Inflation de dérogations au vote électronique

En 2011, par décret (NOR : BCRF1107603D), François Fillon autorisait l’usage du vote électronique pour les élections des représentants du personnel dans toute la fonction publique.
En 2020, un nouveau décret (NOR : TFPF2021466D) relatif aux comités sociaux d’administration a été signé par Jean Castex. Son article 36 dispose que « Le vote a lieu par voie électronique », prévoyant toutefois que des dérogations pourraient être accordées pour autoriser le vote à l’urne lors des élections de décembre 2022.

Une liste d’établissements dérogataires a été publiée dans un arrêté du 9 mars 2022 (NOR : TFPF2206831A).

Y figurent plusieurs dizaines d’établissements de l’éducation nationale ou de l’enseignement supérieur (universités, écoles d’ingénieur, ensemble des CROUS), mais aussi le CNED, la cour des comptes, la CNIL, etc.
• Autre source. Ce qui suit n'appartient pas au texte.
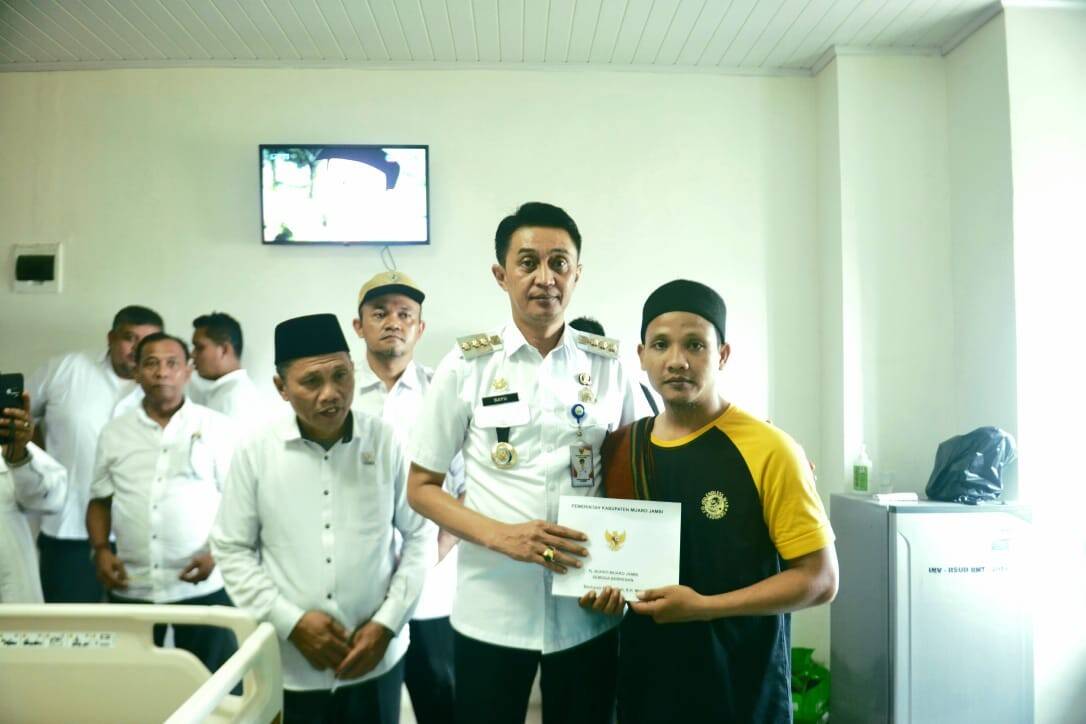 Penjabat Bupati Muaro Jambi Bantu Korban Lakalantas Truk Batu Bara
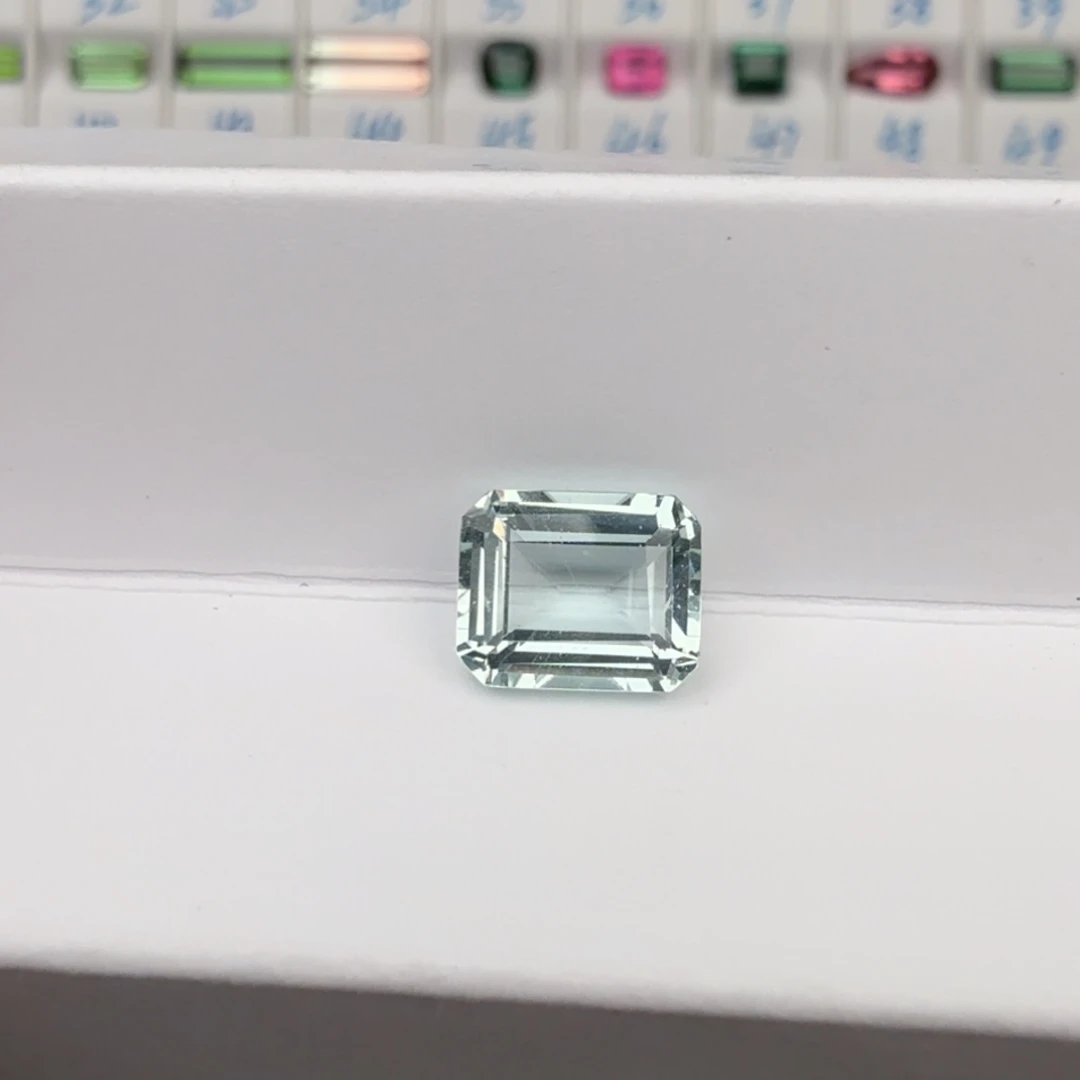 绿柱石裸石天然2.45克拉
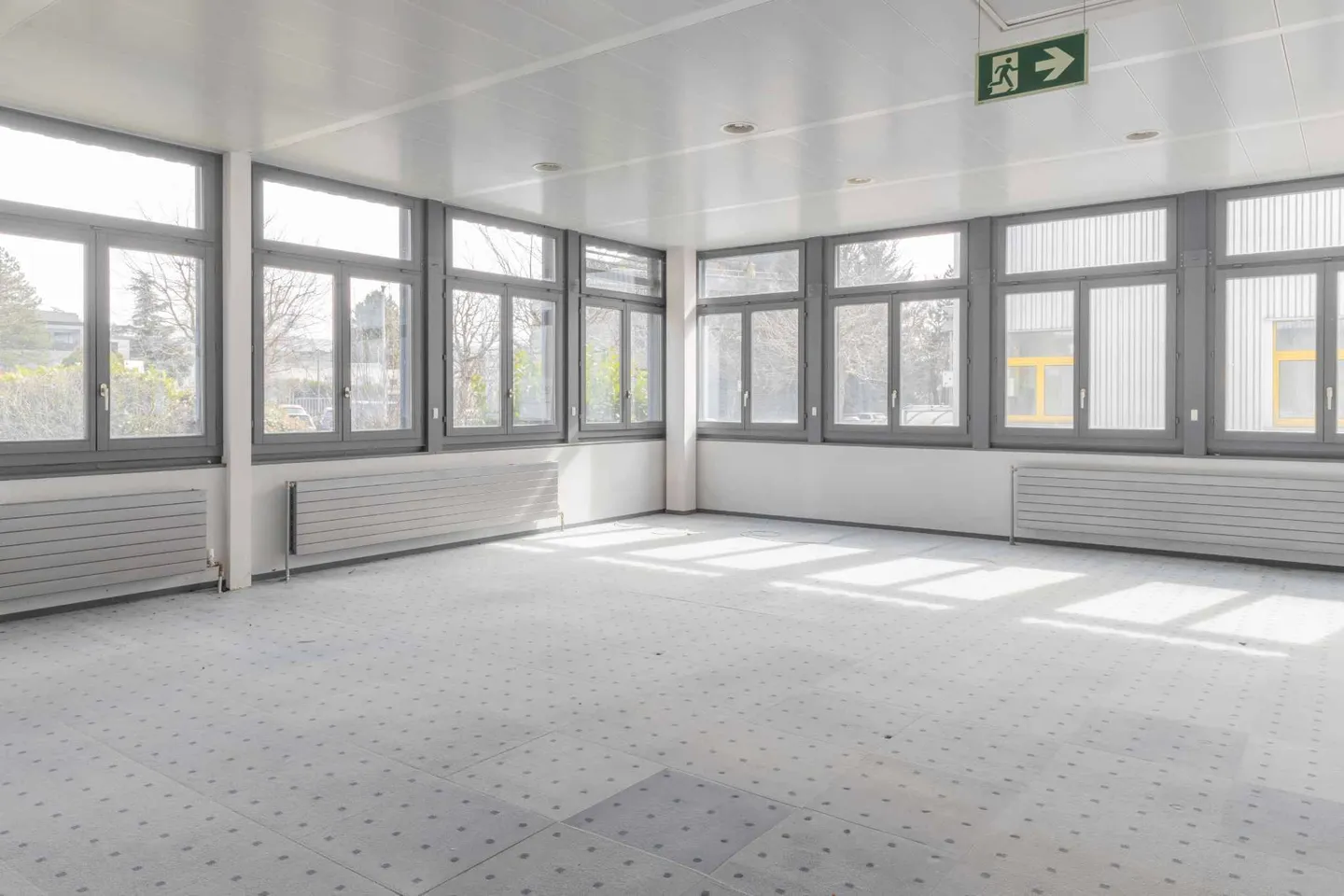 Modern Multi-Functional Building - Photo 5 of 13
La délibération de la CNIL sur laquelle s’appuie le décret de Jean Castex était déjà critique sur ce mode de vote

« la commission souhaite rappeler que le vote électronique présente des difficultés accrues au regard des principes susmentionnés* pour les personnes chargées d’organiser le scrutin et celles chargées d’en vérifier le déroulement, principalement à cause de la technicité importante des solutions mises en œuvre. Au cours des travaux que la commission a menés depuis 2003, elle a, en effet, pu constater que les systèmes de vote existants ne fournissaient pas encore toutes les garanties exigées par les textes légaux. »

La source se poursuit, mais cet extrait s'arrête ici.